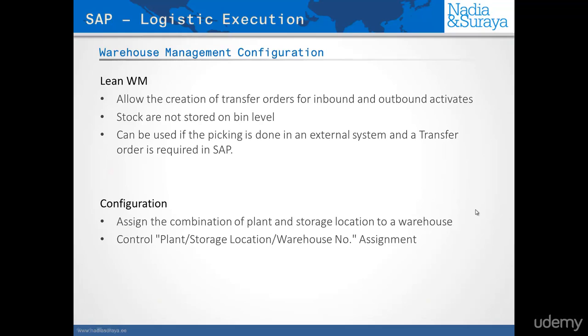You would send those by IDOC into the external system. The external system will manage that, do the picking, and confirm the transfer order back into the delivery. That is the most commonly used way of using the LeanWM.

--

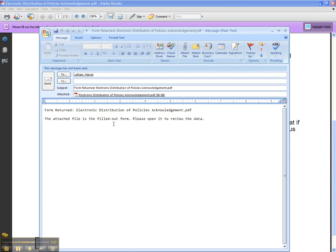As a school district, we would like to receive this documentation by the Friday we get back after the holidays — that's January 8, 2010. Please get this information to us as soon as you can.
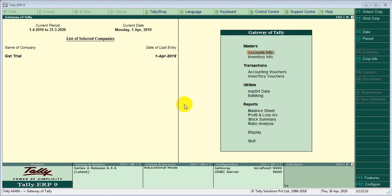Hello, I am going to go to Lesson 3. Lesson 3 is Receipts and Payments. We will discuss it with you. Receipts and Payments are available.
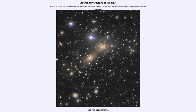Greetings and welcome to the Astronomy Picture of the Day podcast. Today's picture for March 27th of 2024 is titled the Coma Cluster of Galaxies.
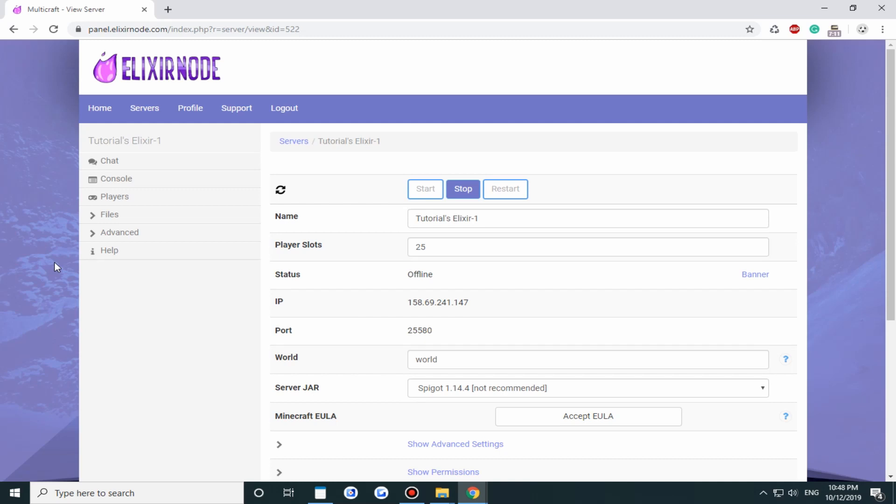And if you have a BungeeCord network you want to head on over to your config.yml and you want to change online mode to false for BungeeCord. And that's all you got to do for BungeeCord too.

§ **Activity**: Beginning at the line that has "As a school" and ending at the line that has "And if you have", restate the listing above word for word, pictures left out.

§ **Solution**:
As a school district, we would like to receive this documentation by the Friday we get back after the holidays — that's January 8, 2010. Please get this information to us as soon as you can.
Hello, I am going to go to Lesson 3. Lesson 3 is Receipts and Payments. We will discuss it with you. Receipts and Payments are available.
Greetings and welcome to the Astronomy Picture of the Day podcast. Today's picture for March 27th of 2024 is titled the Coma Cluster of Galaxies.
And if you have a BungeeCord network you want to head on over to your config.yml and you want to change online mode to false for BungeeCord. And that's all you got to do for BungeeCord too.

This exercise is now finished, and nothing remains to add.